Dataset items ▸

● ● ● ● ● ● ●

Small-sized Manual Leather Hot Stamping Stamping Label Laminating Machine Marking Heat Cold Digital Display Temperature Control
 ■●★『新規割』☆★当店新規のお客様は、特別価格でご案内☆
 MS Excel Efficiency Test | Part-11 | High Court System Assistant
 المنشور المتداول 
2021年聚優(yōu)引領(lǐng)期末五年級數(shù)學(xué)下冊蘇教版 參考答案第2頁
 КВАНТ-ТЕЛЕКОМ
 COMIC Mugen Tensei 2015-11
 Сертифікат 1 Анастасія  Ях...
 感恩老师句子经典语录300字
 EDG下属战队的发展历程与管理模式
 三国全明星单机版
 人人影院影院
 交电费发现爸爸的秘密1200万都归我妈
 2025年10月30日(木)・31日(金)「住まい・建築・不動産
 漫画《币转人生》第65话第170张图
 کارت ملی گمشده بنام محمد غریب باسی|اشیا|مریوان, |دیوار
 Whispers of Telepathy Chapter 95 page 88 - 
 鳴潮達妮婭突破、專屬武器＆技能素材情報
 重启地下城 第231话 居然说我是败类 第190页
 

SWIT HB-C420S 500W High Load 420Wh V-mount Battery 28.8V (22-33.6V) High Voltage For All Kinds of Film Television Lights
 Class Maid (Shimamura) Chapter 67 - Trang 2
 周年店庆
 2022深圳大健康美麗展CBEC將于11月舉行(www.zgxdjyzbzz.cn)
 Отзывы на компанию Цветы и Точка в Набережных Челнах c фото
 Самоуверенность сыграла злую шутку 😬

● ● ● ● ● ● ●

Task item ▸ Which lines of the entries above contain the word "High"? Copy each of them.

Result below ▸
 MS Excel Efficiency Test | Part-11 | High Court System Assistant
SWIT HB-C420S 500W High Load 420Wh V-mount Battery 28.8V (22-33.6V) High Voltage For All Kinds of Film Television Lights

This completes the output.